#### About this task
Write the records out again exactly as they read, dropping any picture they hold.

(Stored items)
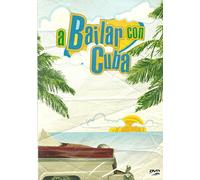 A Bailar Con Cuba Compilation De Videoclips [USA] [DVD]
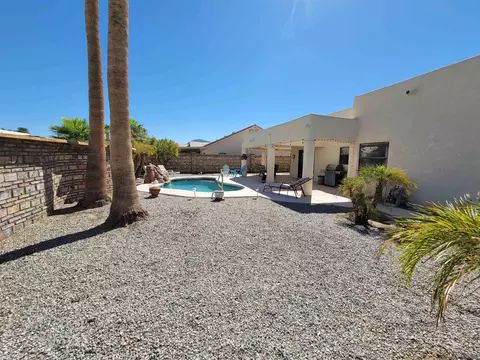 14138 E 49 Dr, Yuma, AZ 85367 photo 29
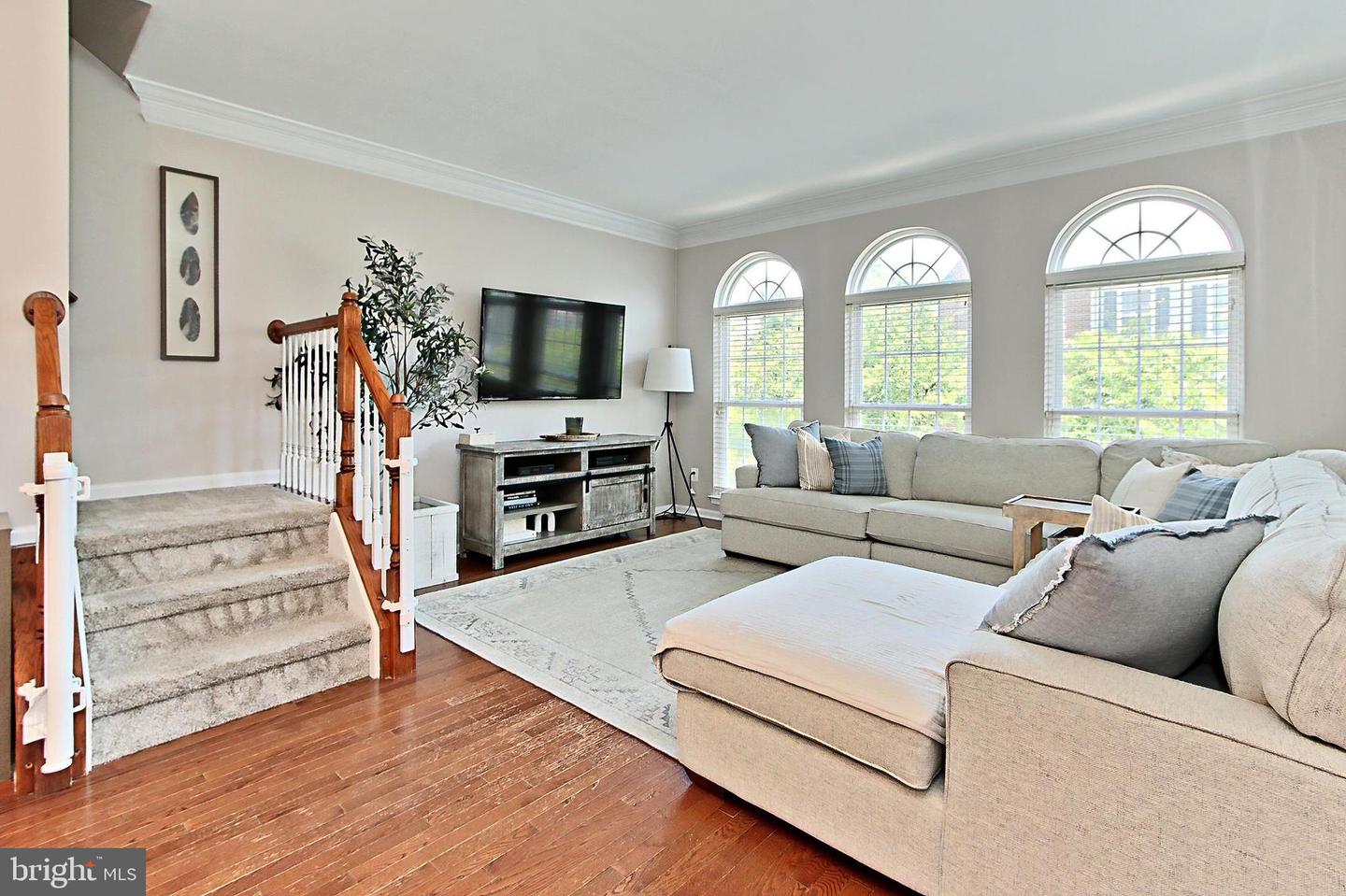 25112 NEPTUNE TER, CHANTILLY, Virginia 20152, 3 Bedrooms Bedrooms, ,3 BathroomsBathrooms,Residential,For sale,25112 NEPTUNE TER,VALO2095402 MLS # VALO2095402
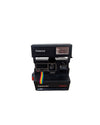 Polaroid Supercolor 635CL - Instant Camera - Excellent - Photo 1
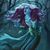 Amy Cullum's profile image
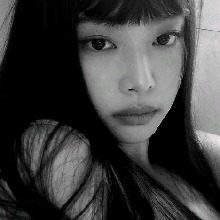 Guest_Beutygirl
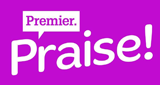 Premier Praise logo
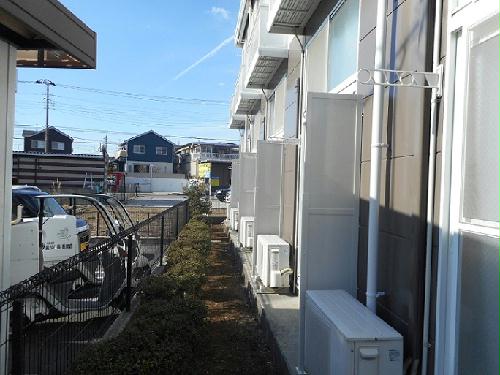 9/14 その他画像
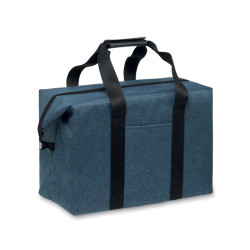 Borsa frigo 300D RPET 37L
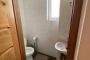 A LOUER House / villa Kalamu Kinshasa  picture 3
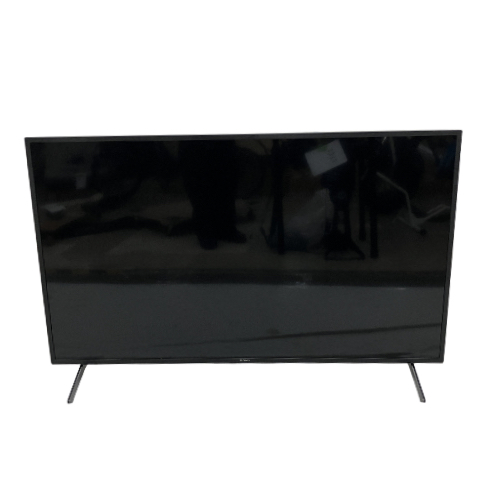 SONY KJ-55X8000H 4K 液晶テレビ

#### Answer section
 A Bailar Con Cuba Compilation De Videoclips [USA] [DVD]
 14138 E 49 Dr, Yuma, AZ 85367 photo 29
 25112 NEPTUNE TER, CHANTILLY, Virginia 20152, 3 Bedrooms Bedrooms, ,3 BathroomsBathrooms,Residential,For sale,25112 NEPTUNE TER,VALO2095402 MLS # VALO2095402
 Polaroid Supercolor 635CL - Instant Camera - Excellent - Photo 1
 Amy Cullum's profile image
 Guest_Beutygirl
 Premier Praise logo
 9/14 その他画像
 Borsa frigo 300D RPET 37L
 A LOUER House / villa Kalamu Kinshasa  picture 3
 SONY KJ-55X8000H 4K 液晶テレビ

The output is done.